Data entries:
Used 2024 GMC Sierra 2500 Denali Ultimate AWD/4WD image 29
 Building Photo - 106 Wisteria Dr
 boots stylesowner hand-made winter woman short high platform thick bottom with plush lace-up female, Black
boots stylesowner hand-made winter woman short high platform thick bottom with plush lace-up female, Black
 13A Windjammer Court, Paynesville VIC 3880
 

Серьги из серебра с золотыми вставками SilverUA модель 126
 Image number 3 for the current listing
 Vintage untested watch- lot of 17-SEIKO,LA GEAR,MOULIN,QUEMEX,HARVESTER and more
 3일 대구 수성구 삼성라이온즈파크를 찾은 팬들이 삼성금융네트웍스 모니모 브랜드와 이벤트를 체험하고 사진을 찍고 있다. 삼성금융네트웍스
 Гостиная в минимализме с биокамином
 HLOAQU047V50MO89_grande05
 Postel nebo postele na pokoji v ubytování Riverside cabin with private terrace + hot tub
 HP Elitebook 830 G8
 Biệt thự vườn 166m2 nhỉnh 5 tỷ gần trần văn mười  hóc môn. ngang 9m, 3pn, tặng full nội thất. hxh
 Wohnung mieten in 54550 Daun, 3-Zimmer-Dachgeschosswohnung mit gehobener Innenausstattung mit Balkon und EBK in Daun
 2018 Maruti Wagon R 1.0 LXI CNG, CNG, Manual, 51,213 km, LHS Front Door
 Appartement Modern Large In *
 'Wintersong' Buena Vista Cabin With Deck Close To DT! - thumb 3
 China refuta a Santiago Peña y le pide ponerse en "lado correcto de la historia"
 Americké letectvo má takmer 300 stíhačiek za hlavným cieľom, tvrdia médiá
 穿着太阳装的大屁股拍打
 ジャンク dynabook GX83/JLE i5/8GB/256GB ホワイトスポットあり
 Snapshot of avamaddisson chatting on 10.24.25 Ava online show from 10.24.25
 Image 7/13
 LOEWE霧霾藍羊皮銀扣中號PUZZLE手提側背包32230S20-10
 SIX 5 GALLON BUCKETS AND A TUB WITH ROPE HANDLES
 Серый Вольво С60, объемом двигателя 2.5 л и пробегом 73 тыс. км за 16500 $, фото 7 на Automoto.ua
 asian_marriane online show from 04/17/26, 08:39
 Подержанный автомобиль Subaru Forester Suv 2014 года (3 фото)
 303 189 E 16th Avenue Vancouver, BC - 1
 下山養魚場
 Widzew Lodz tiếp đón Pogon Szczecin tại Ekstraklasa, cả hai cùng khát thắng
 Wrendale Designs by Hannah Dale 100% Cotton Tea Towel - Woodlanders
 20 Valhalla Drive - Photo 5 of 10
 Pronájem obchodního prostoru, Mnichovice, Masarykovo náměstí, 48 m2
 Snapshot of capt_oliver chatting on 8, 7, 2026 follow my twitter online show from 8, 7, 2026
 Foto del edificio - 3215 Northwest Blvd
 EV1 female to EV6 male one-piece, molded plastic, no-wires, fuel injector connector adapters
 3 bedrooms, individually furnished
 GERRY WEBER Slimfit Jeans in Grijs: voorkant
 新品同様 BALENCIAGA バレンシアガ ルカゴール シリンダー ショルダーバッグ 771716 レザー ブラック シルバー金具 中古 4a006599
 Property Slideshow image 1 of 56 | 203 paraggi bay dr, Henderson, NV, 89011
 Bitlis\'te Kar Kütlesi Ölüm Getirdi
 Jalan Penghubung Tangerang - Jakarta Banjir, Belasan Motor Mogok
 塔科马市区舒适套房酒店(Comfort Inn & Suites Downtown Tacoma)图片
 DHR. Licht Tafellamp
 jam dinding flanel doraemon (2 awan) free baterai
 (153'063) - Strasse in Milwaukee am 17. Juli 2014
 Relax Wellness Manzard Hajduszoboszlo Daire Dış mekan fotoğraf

> **Exercise aim**
What must be returned is only the number of lines in the records that hold the word "female".

> **Written response**
3